━━━ Source material ━━━
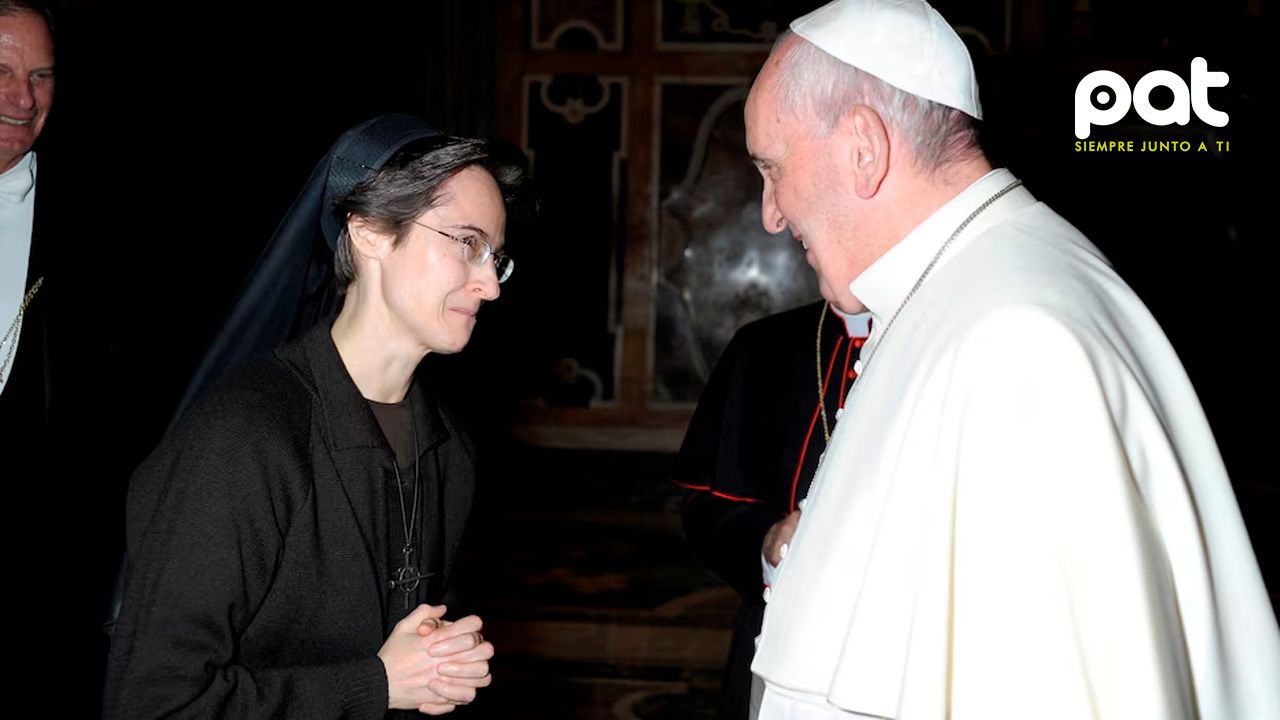 ¿Continuará la inclusión? el futuro de las mujeres en la iglesia tras la muerte del Papa Francisco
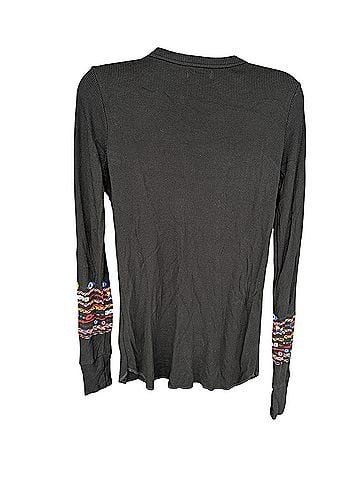 Lauren Moshi Long Sleeve Top (view 2)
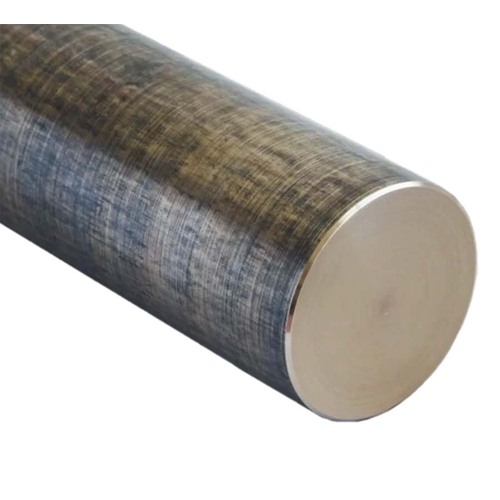 Phosphor Bronze Solid Round Bar PB1 Imperial 1" x 30cm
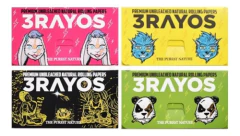 Sedas Papel Para Armar Naturales Unbleached 1 1/4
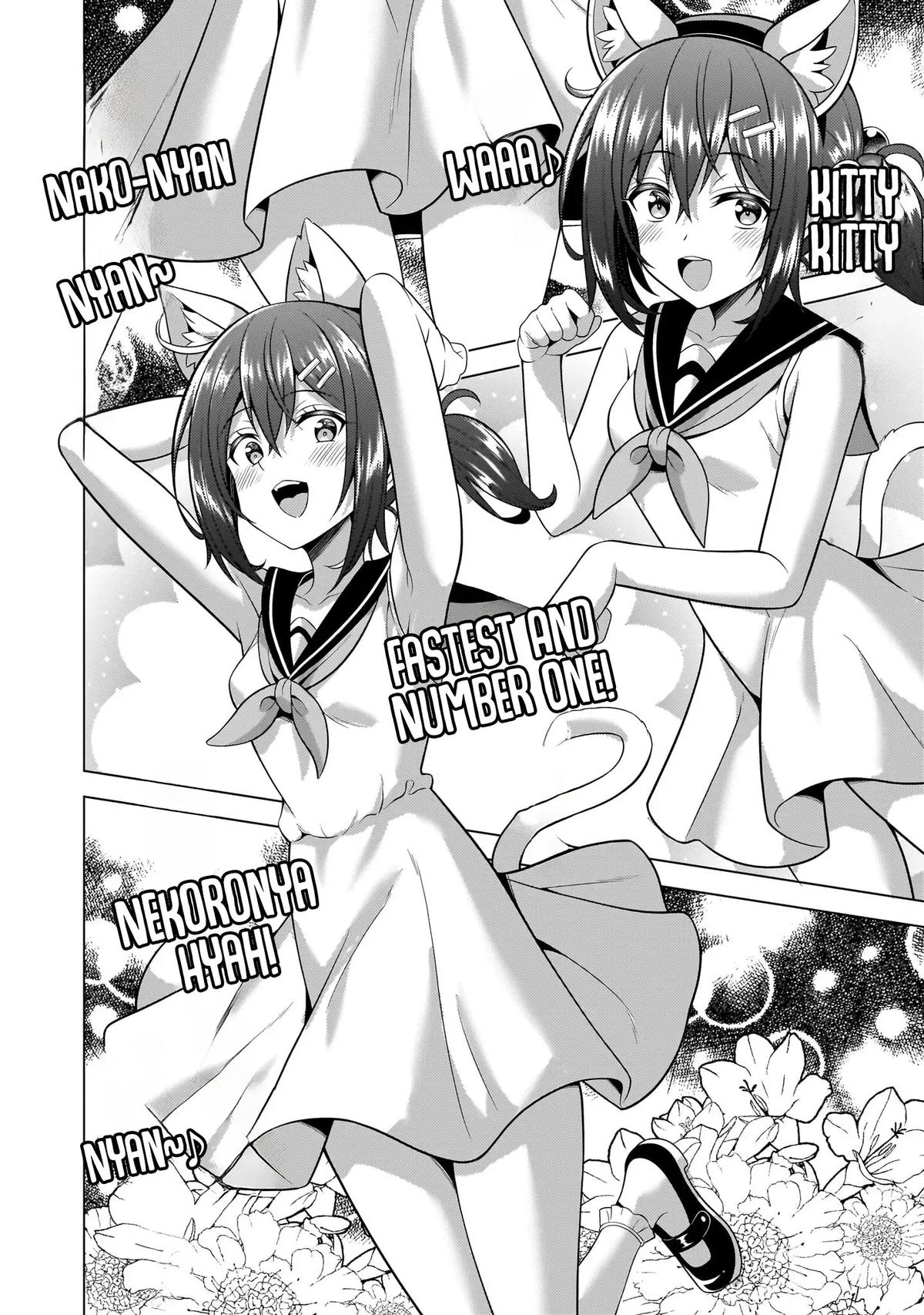 Boku no Kanojo Sensei Chap 58 - Next Chap 59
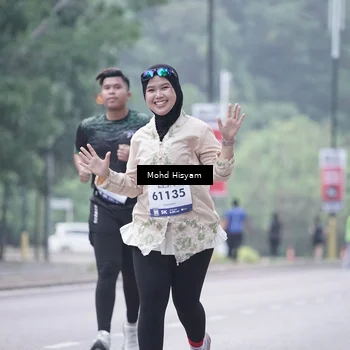 Runner Photo 8308203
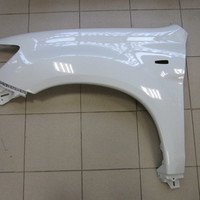 Крыло переднее левое на Mitsubishi ASX 2010-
━━━
_How to complete this task_
Reproduce exactly, and only, the lines from the one containing "Lauren Moshi Long Sleeve Top (view 2)" through the last line of the records above, both included, leaving out any pictures.

_Exercise result_
 Lauren Moshi Long Sleeve Top (view 2)
 Phosphor Bronze Solid Round Bar PB1 Imperial 1" x 30cm
 Sedas Papel Para Armar Naturales Unbleached 1 1/4
 Boku no Kanojo Sensei Chap 58 - Next Chap 59
 Runner Photo 8308203
 Крыло переднее левое на Mitsubishi ASX 2010-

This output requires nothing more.